Альтернативное развитие мировых событий было бы реальным только в случае, если тогдашние руководители «западных демократий» с самого начала переговоров с СССР решительно повели бы дело к заключению военно-политического союза с ним. Предложение СССР на этот счет от 17 апреля 1939 года было весьма сбалансированным и действительно открывало возможность иного хода мировой истории. Между тем как раз желания заключать такой союз на Западе не было. Это широко известно сейчас из преданных гласности французских и особенно английских архивных документов, из мемуаров участников событий. Как уже отмечалось, это было известно тогда и советскому руководству. Рассчитывать, что СССР будет ставить на карту свою безопасность, не заручившись конкретными, именно союзническими, обязательствами со стороны Англии и Франции, было непростительной близорукостью. Ответственность за то, что альтернатива войне не стала летом 1939 года реальностью, лежит на политиках Запада, принимавших решения, руководствуясь не широко понятыми интересами своих народов, народов Европы в целом, а узкоклассовой неприязнью к «красной России» и ее тогдашнему правительству. Даже если на эти решения повлияло ослабление СССР в результате массовых репрессий, особенно против кадров высшего военного командования, ответственность за роковые для судеб мира и истории решения лежит на тех же западных лидерах.
Срыв переговоров в Москве означал, что последняя возможность остановить общими усилиями готовившееся нашествие вермахта на Польшу, а следовательно, и войну в Европе была утрачена.

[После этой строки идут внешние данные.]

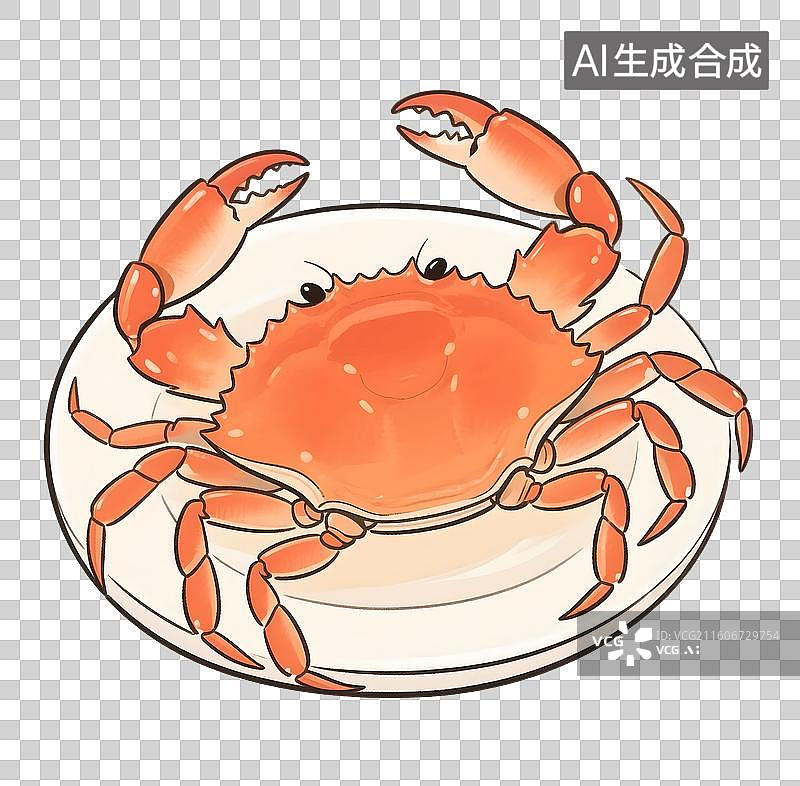 【AI数字艺术】AIGC:美食家常菜清蒸螃蟹，年夜饭。插图插画，元素，免抠图形图片素材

Уроки московских переговоров имеют непреходящее значение. Они показывают, что соглашения такого рода возможны только при условии глубокого понимания реальностей международной обстановки, учета законных интересов каждой из сторон, стремления к договоренности и готовности к взаимным компромиссам в интересах общей безопасности. У Англии и, несмотря на определенные колебания, у Франции деловой подход к переговорам отсутствовал.
Принципиальное решение о дальнейшем курсе своей политики Советскому правительству пришлось принимать еще до формального завершения переговоров с Англией и Францией. Полученное от Гитлера уведомление, что военный конфликт с Польшей неминуем, вынуждало анализировать последствия ее вполне вероятного поражения в таком конфликте: Германия захватила бы всю польскую территорию, включая входившие в состав Польши украинские и белорусские земли; фашистские армии вышли бы к жизненным центрам СССР.
Наша страна вынуждена была бы в одиночку вступить в противоборство с фашизмом. Возможно при этом, что советское руководство во главе со Сталиным испытывало опасения, как бы в такой ситуации симпатии мюнхенских умиротворителей вообще не оказались на стороне гитлеровцев. Нельзя было не учитывать тот факт, что с мая 1939 г. советским и монгольским войскам пришлось вести упорные бои с японскими интервентами на реке Халхин-Гол. Возраставшая агрессивность Японии вполне реально обозначила перспективу войны на два фронта. Советское правительство не могло допустить повторения ситуации 1918–1922 гг., когда страна вынуждена была противостоять интервенции сразу всех основных держав мира.